Dziewczyny!: Jeszcze chcę coś wyjaśnić :) To, że chcemy mieć chłopaka, narzeczonego, męża, że chcemy, by ktoś nas zauważył, pokochał, docenił... nie ma w tym nic złego! Powiem więcej , to jest nasza najbardziej naturalna potrzeba jako kobiet. Próbuje się teraz nas na siłę z tego odzierać, z pragnienia bycia piękną, ale piękno to nie plastic-fantastic w TV, ale czułe serce, dobry charakter, szczerość, spryt, siła i tak to też jest to piękno zewnętrzne. Czyli piękno to, według mnie, taki mix : wnętrze i to,co na zewnątrz. Znacie jakąś fajną, wesołą, czułą, szczerą , nie bojącą się łez czy śmiechu dziewczynę, która nie byłaby piękna?? Bo ja nie! Każdej, ale to każdej z nas piękne wnętrze dodaje 100 punktów do wyglądu. Dlatego warto skupić się i na pielęgnowaniu właśnie tego.
ps. moją motywacją, a raczej jedną z (bo jest sporo ważnych takie jak np. zdrowie, samopoczucie, jakość życia itd. ) jest też to, żeby pewien chłopak dostał białej gorączki na mój widok, żeby stanął bez słów zauroczony i z zazdrością patrzył na to, jak zerkają na mnie inni mężczyźni. Tak, chcę tego, i nareszcie się tego nie wstydzę :) co więcej, wierzę, że osiągnę ten cel, bo NA TO ZASŁUGUJĘ, ta MOTYWACJA JEST SILNA I ŻYWA I MNIE NAPĘDZA! Jakie są Wasze? :)
- Dołączył: 2013-06-20
- Miasto: kutno
- Liczba postów: 16
20 czerwca 2013, 20:19
Iteke: naprawdę gratuluję podejścia do siebie, obyś nas wszystkie zaraziła tym
Dziewczyny ważę się codziennie, czy to dobrze?
jak nie spada 100-200gramów to bardziej się kontroluję
Ale może lepiej rzadziej, co 2-3 dni, co o tym myślicie?

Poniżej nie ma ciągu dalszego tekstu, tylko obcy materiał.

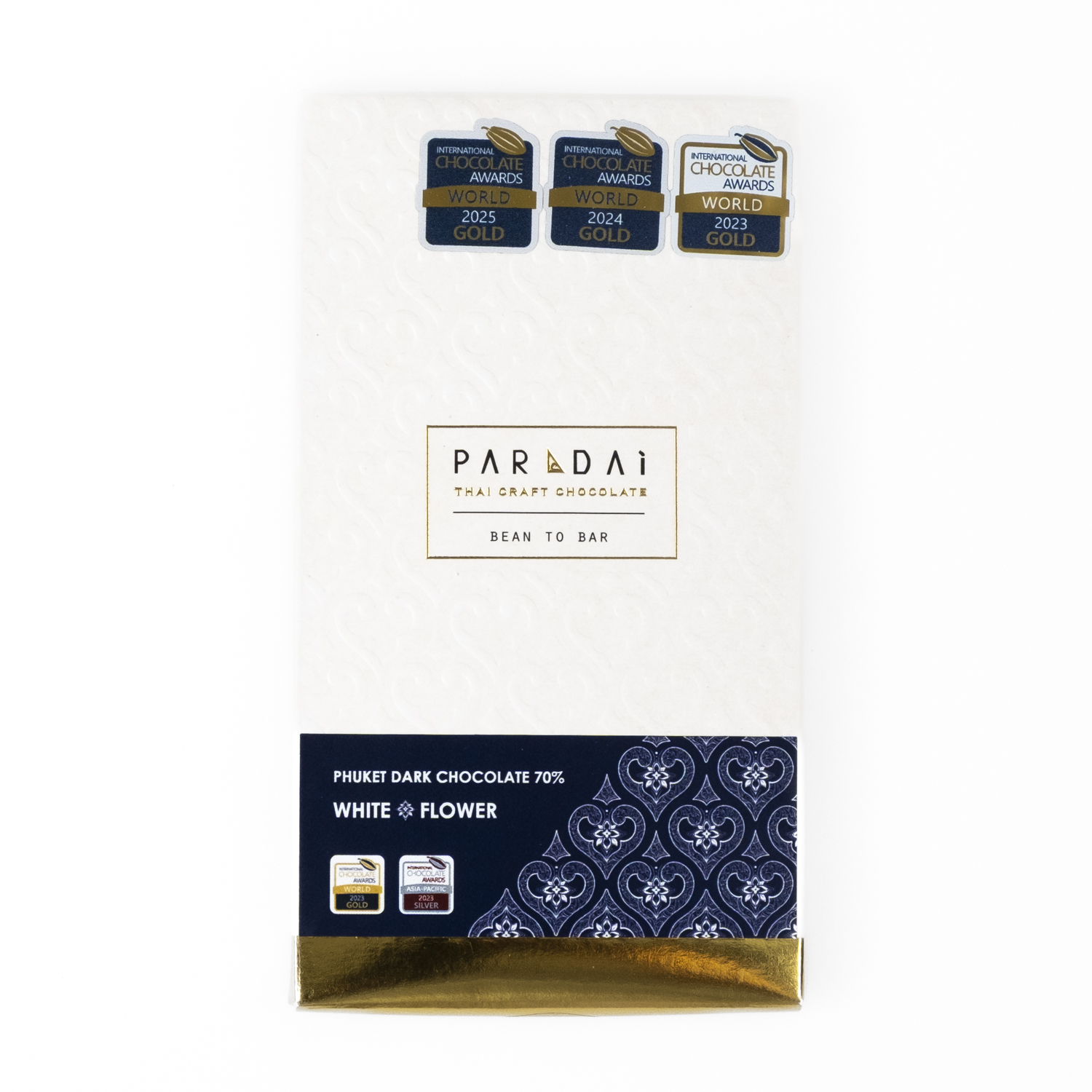 Paradai Infusion White Flower 70%, 50g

jak u Was wygłąda ta kwestia?
- Dołączył: 2011-08-04
- Miasto: Poznań
- Liczba postów: 354
20 czerwca 2013, 22:29
kasienka: ja się ważę , raz, góra dwa razy, w tygodniu. A wahania (nawet kilogramowe) są normalne i moga być związane z gospodarką wodną, hormonalną itd. Czasem nie warto wazyć się codziennie, bo można się zrazić, gdy waga się waha, a może :)
jak myślicie?
- Dołączył: 2013-06-20
- Miasto: kutno
- Liczba postów: 16
21 czerwca 2013, 07:19
Masz rację Iteke.
w niedzielę z powodu tego,że przez 2 dni nic nie spadło, miałam chwilowy krysys... trzymałam w ręku ciastko czekoladowe, wąchałam je nawet i niewiele brakowało.. ale dałam radę,nie skusiłam się.